Concerning cognition and the market

Again and again, people on the market are finding things to worry about, as if they know how bad the picture will be. Peter Lynch once said there will always be things to worry about. And that is true. A thing is worrying not in itself or by itself, but out of our choice to worry about it.


Primordial fear of losing something leads us to question everything without a sound basis for doubt.

People tell themselves how to act when fears come true, and with each confine getting narrower, they become more of a animal of patterns. In the end, they end up becoming a lab rat that is stringently conditioned. A big sell-off then occurs.

Talking about cognition on the market, there's a certain range in a given time when we are in a relatively stable state, in which every causations and consequences seem to have their reasonable structures and determinations. We are endlessly interpreting and creating the world around us. 
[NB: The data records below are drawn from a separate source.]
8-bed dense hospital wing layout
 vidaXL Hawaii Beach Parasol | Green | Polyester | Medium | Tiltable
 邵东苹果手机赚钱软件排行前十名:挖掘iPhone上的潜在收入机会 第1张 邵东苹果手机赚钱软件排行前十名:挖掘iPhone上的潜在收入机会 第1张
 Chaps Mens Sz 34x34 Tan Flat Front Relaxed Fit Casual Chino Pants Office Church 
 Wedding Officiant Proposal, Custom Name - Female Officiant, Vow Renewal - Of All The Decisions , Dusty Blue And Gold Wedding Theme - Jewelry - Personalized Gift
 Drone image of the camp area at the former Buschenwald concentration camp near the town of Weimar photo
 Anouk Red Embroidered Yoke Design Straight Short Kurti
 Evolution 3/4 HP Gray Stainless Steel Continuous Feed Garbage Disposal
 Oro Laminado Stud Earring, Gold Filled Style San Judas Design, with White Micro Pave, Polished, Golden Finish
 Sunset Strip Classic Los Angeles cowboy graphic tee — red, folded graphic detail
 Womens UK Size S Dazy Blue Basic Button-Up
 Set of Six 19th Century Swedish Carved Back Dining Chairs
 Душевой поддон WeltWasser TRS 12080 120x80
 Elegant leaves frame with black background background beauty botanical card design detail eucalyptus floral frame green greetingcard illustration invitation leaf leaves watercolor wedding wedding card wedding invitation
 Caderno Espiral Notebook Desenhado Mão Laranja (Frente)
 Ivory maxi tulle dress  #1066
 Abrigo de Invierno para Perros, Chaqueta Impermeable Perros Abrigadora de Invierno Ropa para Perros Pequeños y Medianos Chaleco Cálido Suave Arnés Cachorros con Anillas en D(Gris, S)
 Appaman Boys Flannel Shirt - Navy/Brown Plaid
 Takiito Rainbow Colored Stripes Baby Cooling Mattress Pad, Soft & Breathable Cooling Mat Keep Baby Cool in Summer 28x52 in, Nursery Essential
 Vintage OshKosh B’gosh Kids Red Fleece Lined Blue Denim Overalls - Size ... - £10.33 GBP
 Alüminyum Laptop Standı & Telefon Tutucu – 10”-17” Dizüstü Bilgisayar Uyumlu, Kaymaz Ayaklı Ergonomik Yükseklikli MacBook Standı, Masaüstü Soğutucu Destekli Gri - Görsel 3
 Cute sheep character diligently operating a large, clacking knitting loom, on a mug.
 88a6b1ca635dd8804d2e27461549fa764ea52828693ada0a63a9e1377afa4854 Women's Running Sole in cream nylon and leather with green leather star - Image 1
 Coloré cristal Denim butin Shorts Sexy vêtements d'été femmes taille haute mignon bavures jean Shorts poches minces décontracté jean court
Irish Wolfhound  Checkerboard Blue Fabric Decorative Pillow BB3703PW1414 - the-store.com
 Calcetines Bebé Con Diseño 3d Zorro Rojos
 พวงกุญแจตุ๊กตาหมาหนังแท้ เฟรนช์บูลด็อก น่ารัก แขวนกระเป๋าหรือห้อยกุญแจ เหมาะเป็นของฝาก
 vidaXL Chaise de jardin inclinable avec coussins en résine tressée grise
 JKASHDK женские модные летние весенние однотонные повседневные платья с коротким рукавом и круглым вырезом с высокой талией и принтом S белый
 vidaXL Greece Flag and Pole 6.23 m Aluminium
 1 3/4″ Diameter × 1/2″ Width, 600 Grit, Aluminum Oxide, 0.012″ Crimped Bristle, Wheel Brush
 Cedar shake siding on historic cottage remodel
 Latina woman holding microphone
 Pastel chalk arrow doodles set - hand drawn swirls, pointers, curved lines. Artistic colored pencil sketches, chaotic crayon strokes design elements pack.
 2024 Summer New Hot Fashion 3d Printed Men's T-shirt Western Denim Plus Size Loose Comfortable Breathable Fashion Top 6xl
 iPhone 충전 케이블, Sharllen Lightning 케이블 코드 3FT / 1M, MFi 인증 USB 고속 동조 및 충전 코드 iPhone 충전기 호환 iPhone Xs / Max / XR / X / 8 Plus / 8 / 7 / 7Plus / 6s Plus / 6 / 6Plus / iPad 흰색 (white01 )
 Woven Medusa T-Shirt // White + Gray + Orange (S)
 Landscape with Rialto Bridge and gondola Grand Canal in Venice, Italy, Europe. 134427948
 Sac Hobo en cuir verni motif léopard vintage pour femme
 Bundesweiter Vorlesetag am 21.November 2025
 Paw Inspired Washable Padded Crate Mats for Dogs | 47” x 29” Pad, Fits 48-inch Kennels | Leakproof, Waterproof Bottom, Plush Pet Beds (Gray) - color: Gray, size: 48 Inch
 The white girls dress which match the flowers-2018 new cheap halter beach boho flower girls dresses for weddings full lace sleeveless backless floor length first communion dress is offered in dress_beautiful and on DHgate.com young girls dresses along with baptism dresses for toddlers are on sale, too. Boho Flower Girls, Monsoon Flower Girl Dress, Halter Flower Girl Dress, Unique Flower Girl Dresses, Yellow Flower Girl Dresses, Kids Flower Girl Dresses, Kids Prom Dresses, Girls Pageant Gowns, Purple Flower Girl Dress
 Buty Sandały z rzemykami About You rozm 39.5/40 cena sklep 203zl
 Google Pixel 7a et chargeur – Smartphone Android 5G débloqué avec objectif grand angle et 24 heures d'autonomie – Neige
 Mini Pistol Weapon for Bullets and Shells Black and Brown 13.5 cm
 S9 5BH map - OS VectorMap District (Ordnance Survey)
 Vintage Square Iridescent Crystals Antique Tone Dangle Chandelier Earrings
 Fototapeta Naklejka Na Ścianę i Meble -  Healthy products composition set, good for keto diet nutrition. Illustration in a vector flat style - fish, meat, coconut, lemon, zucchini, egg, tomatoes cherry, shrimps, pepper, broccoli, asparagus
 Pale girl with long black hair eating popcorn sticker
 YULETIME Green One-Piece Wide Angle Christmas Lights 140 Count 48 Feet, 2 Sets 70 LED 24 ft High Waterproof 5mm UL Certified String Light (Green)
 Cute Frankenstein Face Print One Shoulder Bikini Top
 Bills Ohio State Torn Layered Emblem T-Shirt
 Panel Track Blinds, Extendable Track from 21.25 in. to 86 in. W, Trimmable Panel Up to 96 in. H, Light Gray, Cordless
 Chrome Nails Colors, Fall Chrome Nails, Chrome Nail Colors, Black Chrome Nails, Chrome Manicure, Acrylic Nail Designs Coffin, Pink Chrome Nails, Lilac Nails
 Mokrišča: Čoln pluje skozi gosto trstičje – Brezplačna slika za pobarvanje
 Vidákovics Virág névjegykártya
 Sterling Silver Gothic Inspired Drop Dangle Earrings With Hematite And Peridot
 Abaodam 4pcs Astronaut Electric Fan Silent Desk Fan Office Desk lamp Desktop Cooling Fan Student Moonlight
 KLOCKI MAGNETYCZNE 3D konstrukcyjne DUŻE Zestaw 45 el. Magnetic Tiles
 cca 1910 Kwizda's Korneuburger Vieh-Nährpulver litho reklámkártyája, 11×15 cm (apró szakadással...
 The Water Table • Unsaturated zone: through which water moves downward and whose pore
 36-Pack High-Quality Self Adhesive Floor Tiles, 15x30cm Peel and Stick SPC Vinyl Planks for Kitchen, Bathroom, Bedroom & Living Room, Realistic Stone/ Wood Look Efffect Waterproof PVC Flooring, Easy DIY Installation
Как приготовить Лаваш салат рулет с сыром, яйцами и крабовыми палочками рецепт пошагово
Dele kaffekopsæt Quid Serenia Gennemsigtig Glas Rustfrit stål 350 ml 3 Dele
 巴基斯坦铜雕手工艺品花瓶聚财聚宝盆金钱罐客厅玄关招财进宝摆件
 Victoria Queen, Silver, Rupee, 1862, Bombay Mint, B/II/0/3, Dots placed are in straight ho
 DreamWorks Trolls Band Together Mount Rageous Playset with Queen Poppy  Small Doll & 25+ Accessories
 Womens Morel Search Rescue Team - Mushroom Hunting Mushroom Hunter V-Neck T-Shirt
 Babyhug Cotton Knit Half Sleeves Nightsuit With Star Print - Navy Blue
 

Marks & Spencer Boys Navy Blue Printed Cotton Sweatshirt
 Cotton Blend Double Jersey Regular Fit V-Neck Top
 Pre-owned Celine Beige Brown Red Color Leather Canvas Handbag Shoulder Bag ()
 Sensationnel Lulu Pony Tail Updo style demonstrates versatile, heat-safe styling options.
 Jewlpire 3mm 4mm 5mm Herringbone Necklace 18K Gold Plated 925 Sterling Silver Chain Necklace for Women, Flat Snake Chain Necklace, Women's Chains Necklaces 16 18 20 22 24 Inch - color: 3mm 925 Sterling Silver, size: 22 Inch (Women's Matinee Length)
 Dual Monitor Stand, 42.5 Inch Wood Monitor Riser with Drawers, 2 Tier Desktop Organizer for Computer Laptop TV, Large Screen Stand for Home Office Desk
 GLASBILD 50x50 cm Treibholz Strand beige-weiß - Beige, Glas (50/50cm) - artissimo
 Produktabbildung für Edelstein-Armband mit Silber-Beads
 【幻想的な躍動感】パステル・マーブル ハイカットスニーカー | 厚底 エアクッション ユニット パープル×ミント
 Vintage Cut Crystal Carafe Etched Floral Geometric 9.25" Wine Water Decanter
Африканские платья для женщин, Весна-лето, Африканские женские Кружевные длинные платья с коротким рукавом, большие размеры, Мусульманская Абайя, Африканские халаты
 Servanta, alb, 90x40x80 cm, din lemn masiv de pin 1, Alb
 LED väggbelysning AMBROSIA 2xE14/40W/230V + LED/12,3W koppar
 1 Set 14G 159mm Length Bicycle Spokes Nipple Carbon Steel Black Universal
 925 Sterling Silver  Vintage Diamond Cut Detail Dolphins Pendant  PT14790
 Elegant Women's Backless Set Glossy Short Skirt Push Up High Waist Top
And this interpretation is necessarily not a pure reflection of the reality, since the latter is constantly evolving, being determined by human behavior and other factors beyond our knowledge. Georg Soros was brilliant to have confirmed this necessity, though it has been studied and pondered upon for centuries and got a breakthrough by the mid 19th century.

But so what? The financial market doesn't know this. They can't even begin to discern between the world and our interpretations of it. Some of the participants even see trend in prices as a repeating history by itself.

One in a while, people paint a picture that is very close to reality(if by very narrow and limited determinations), but they don't necessarily realize it. Other times, outer world and cognition are so inconsistent that inputs and outputs are out of control. Only a stormy appreciation or depreciation would then paint them a clearer picture.